Captioned web images:
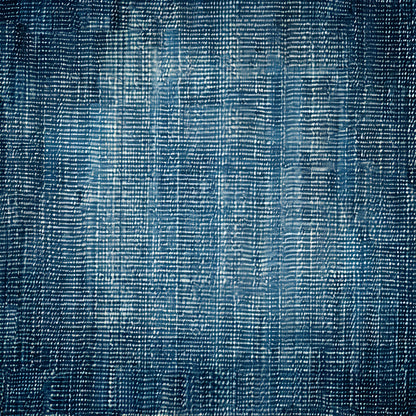Grunge Denim Jeans Fabric Pattern 4 Quilting Cotton Fabric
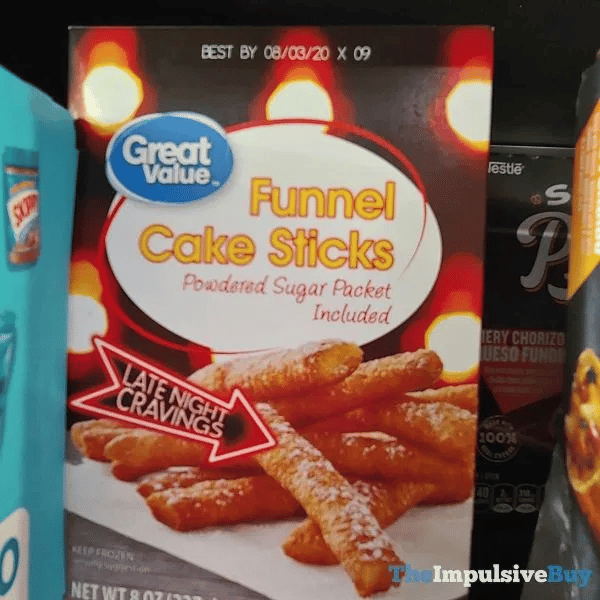funnel cake fries frozen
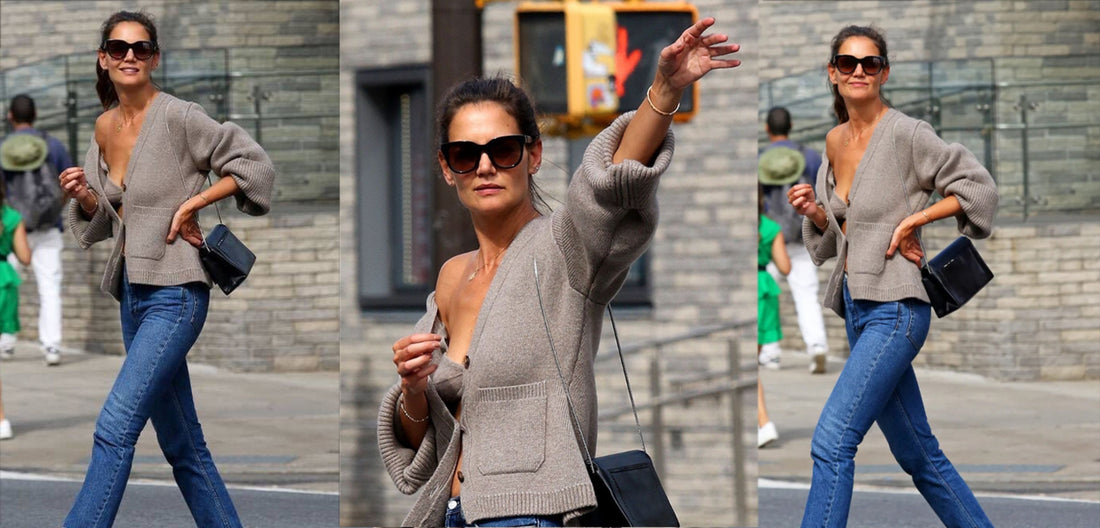 Le grand retour du cardigan : la pièce star de l’automne-hiver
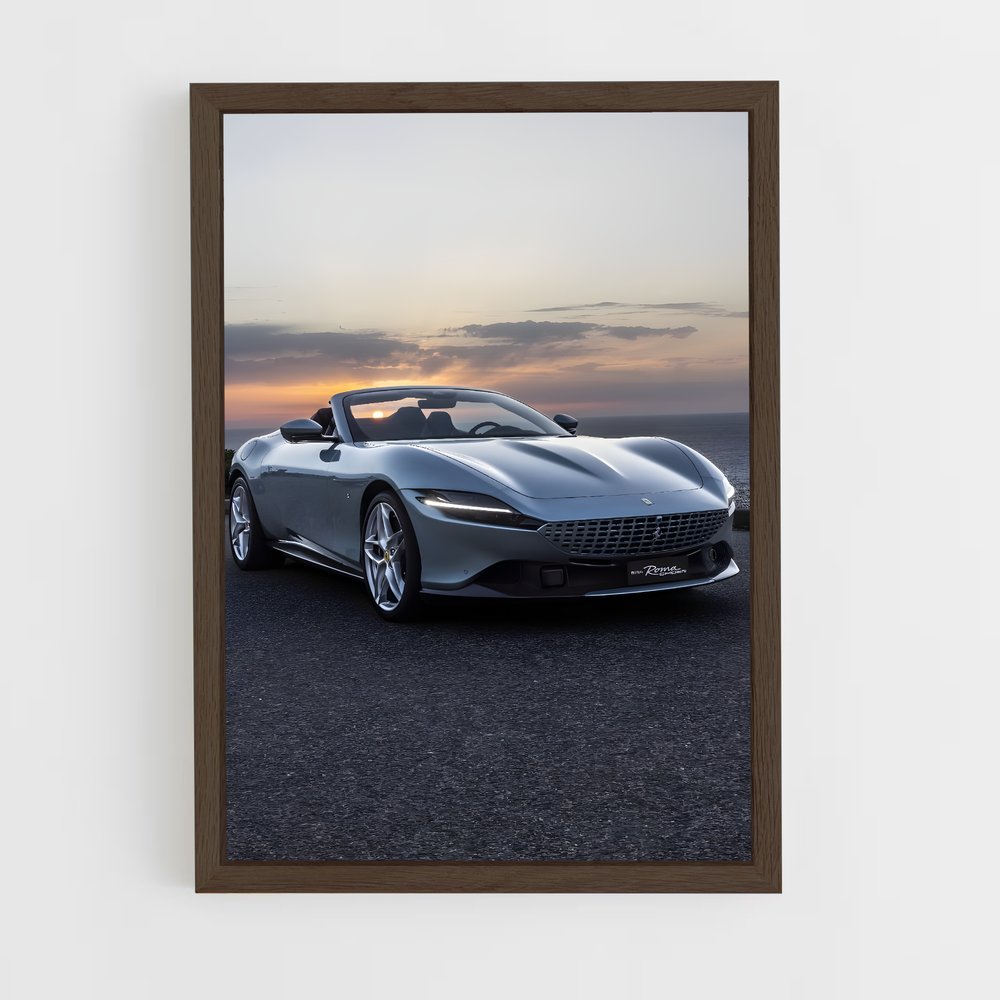 Poster Ferrari Araignée (vue 5)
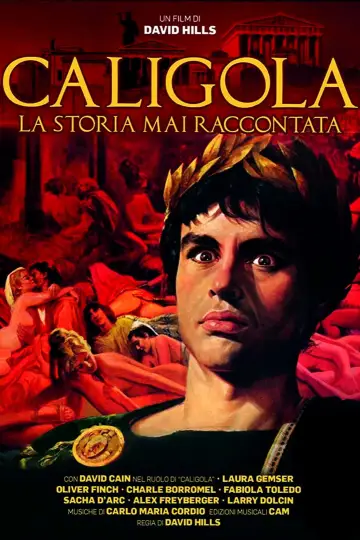 Poster to the movie "Caligula: The Untold Story" #1087397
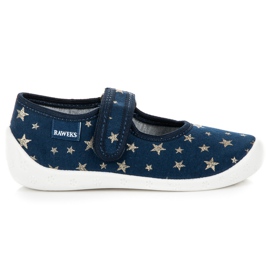 Reweks Pantofole nelle stelle blu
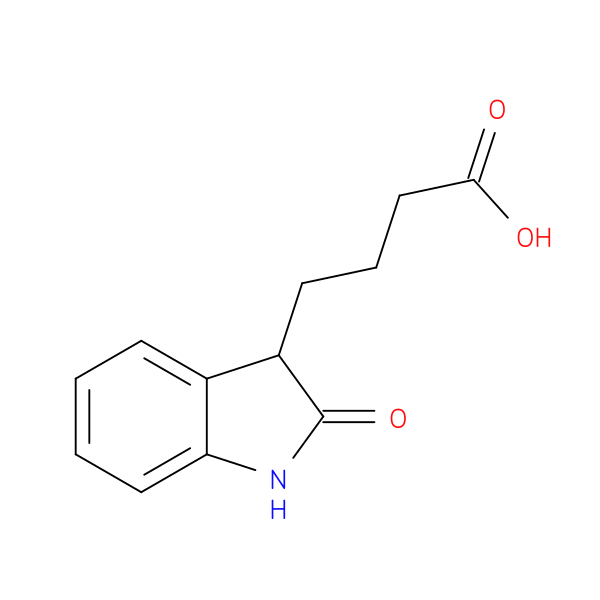 4-(2-oxo-2,3-dihydro-1H-indol-3-yl)butanoic acid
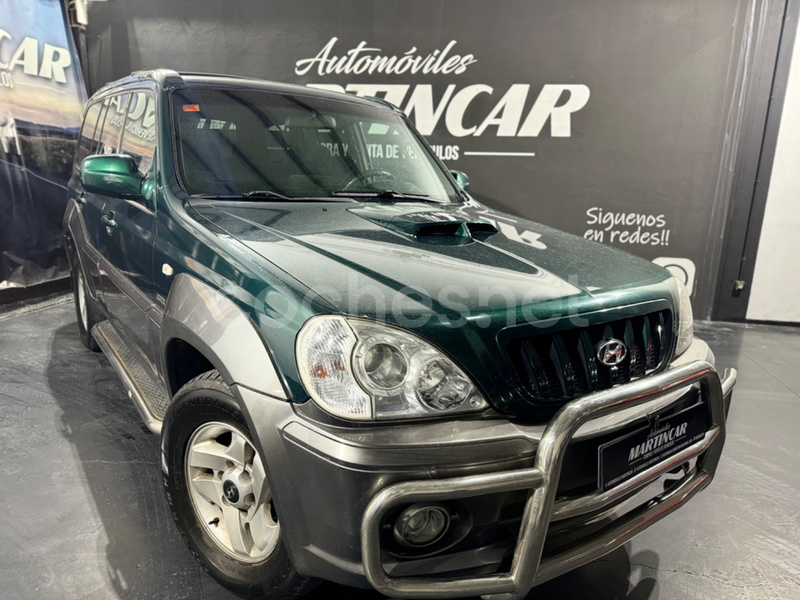 HYUNDAI Terracan 2.9 CRDi Full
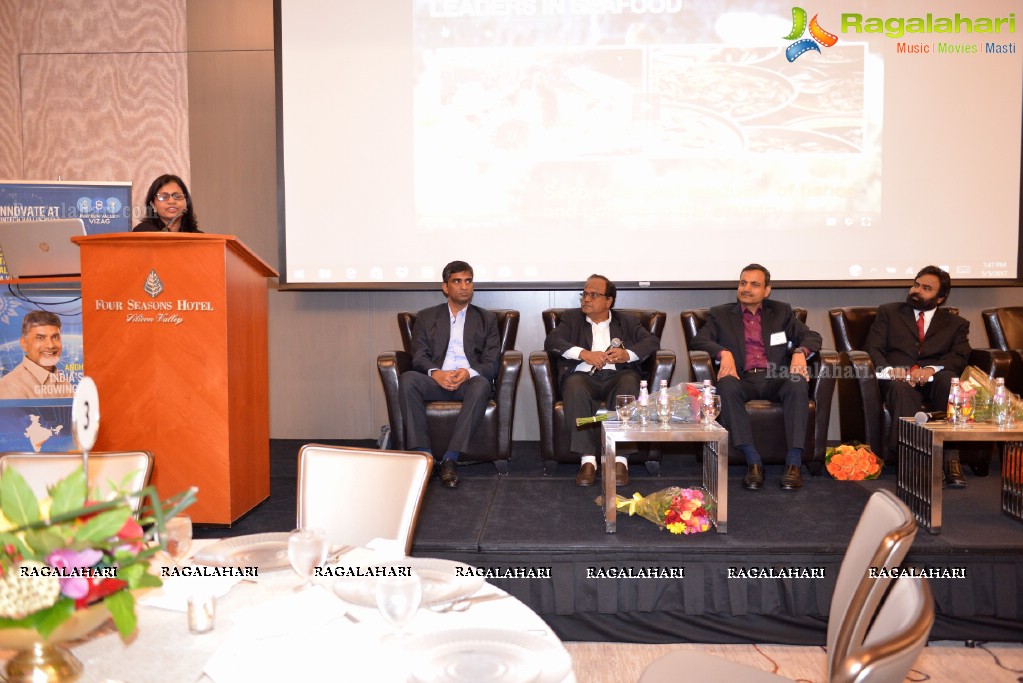 Andhra Pradesh Chief Minister Chandra Babu Naidu Business meet with Bay Area CEOs, California, USA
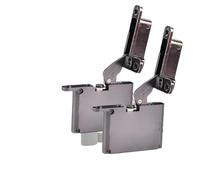 1 pz. Cerniera for porta in vetro con telaio in alluminio, cerniera for porta in legno, cerniera for porta con ammortizzatore idraulico invisibile, albero rotante speciale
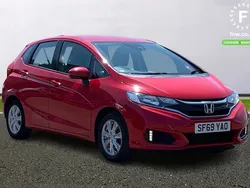 Red Used 2019 Honda Jazz S Hatchback | £9,299 (Good price)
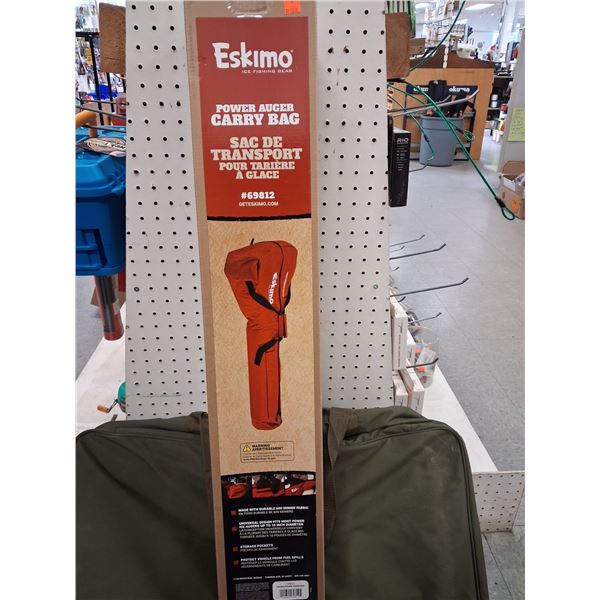 ESKIMO POWER AUGER CARRY BAG 1 CNT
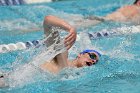 Swimming & Diving vs RWU  Swimming & Diving vs Roger Williams University. - Photo by Keith Nordstrom : Wheaton, Swimming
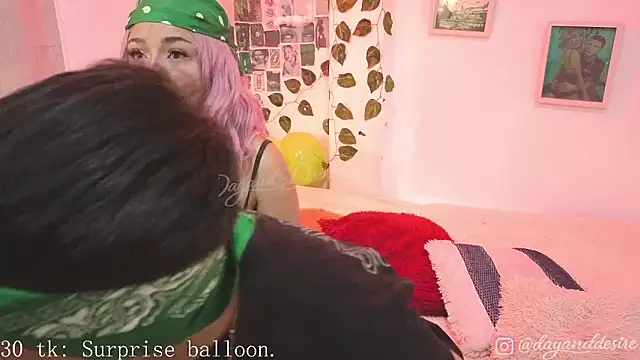 DayandDesire online show from March 22, 2026, 6:00 pm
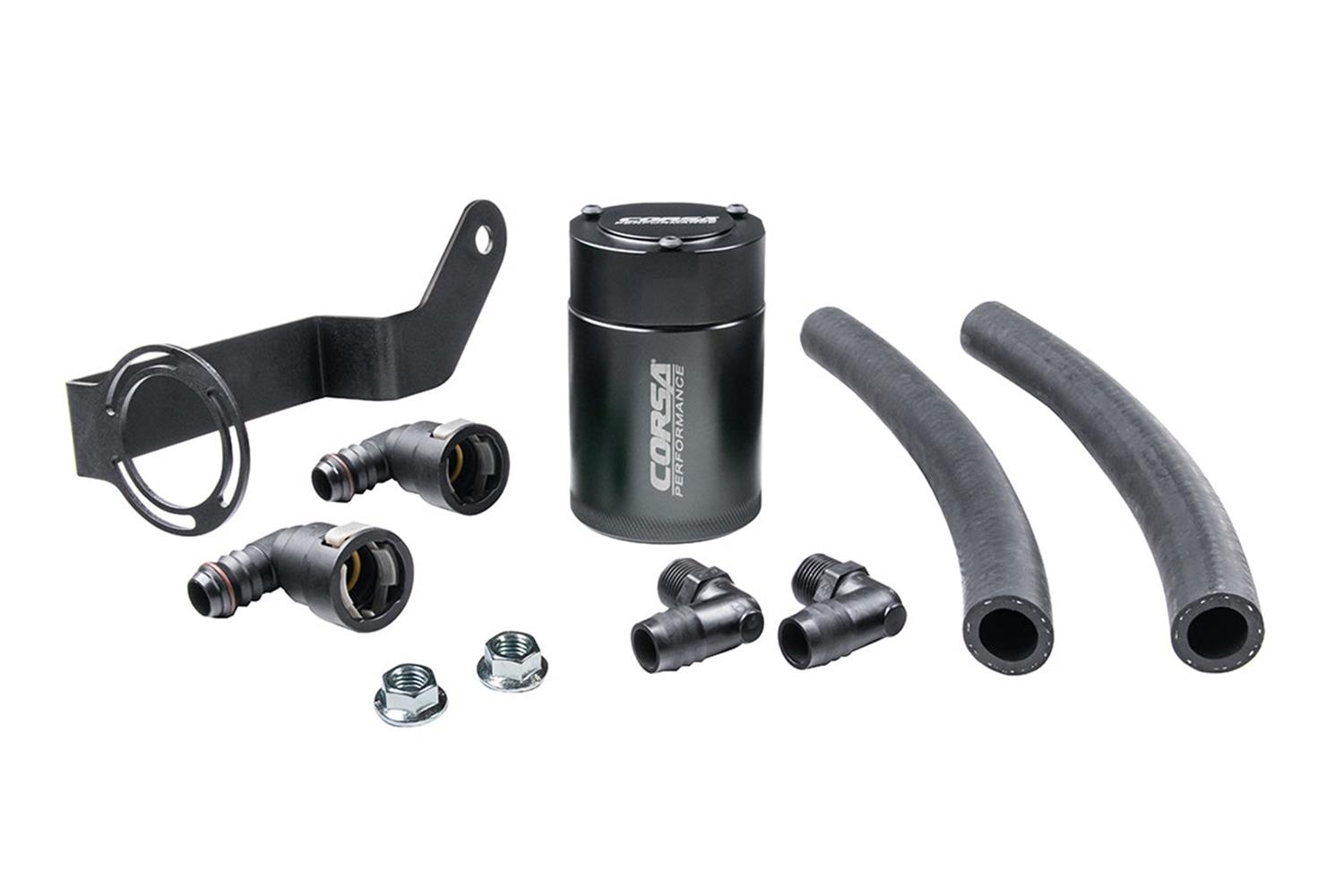 CORSA Performance CC0006 Corsa Oil Catch Cans | Summit Racing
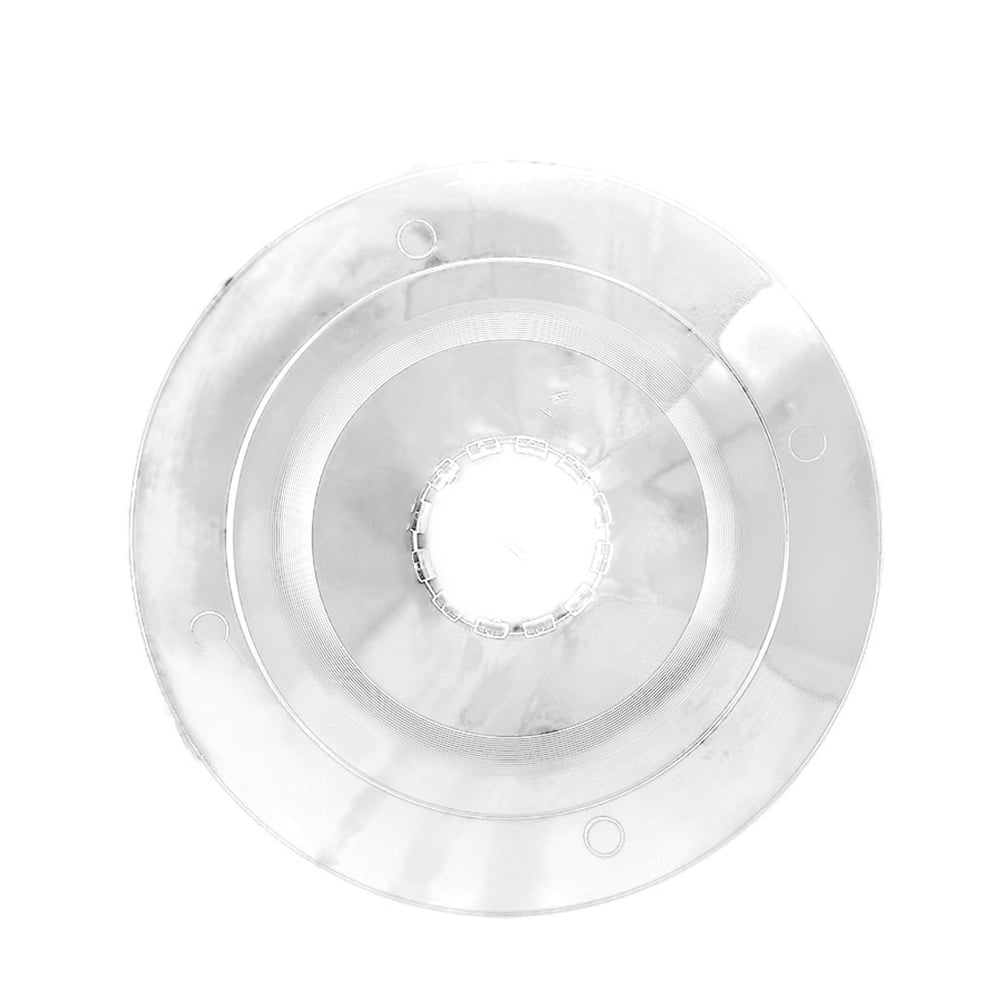2 Pcs Flywheel Guard Bike Rear Accessories Bicycle Transparent ...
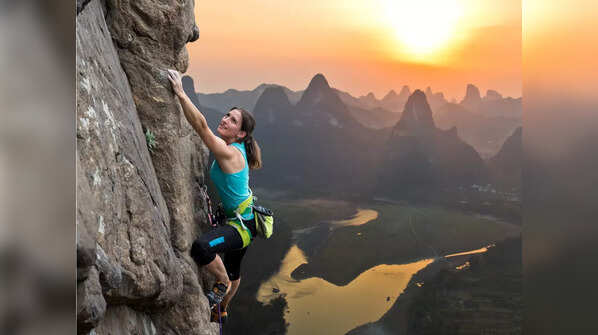 Why you must try rock climbing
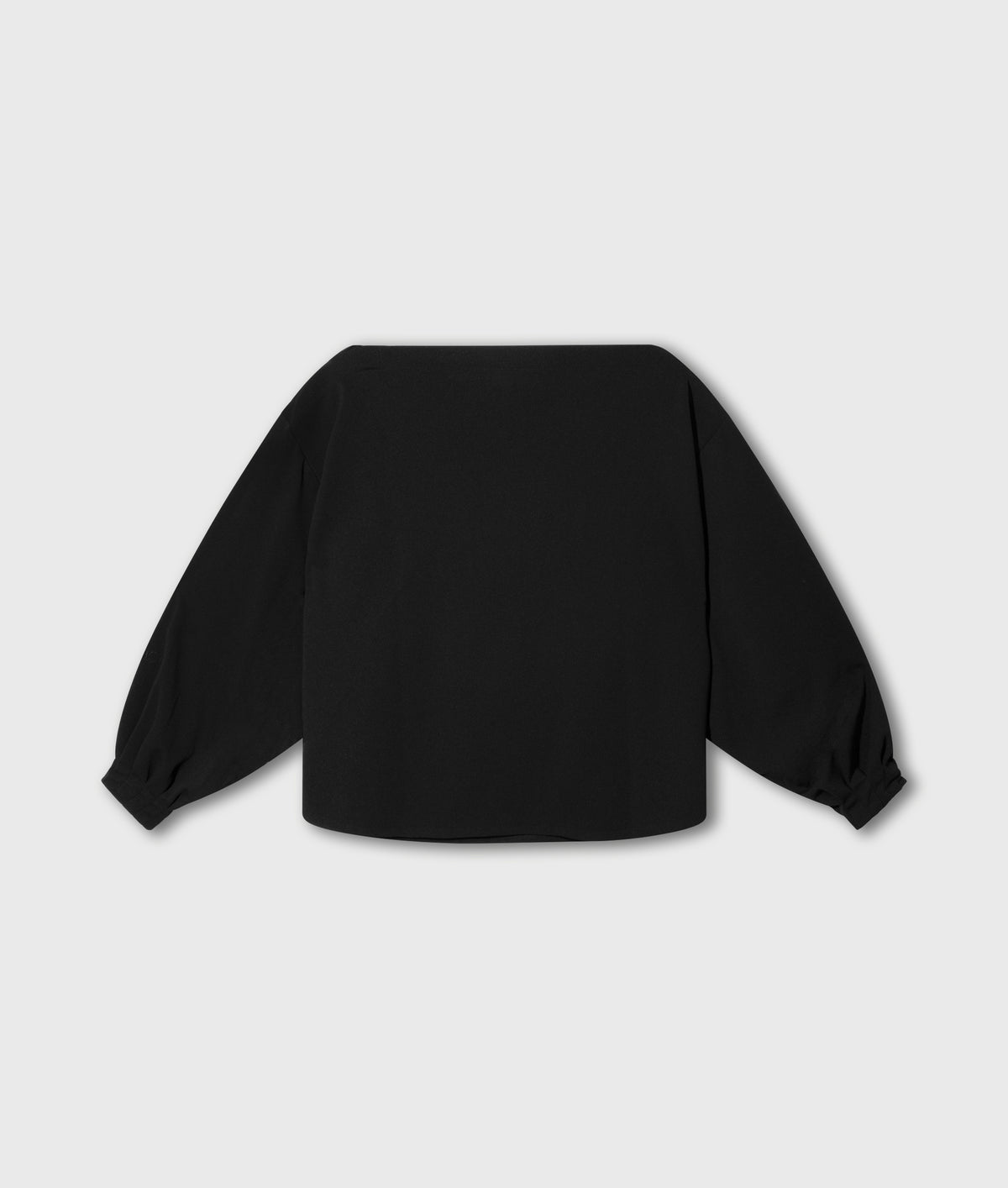 10DAYS Bluse Damen boatneck crepe schwarz | Bildmaterial bereitgestellt von SHOES.PLEASE.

### Problem requirements
The lines from the one containing "Why you must try rock climbing" through the end of the data above are to be copied exactly, both ends included, and pictures are to be omitted.

### Solution
 Why you must try rock climbing
 10DAYS Bluse Damen boatneck crepe schwarz | Bildmaterial bereitgestellt von SHOES.PLEASE.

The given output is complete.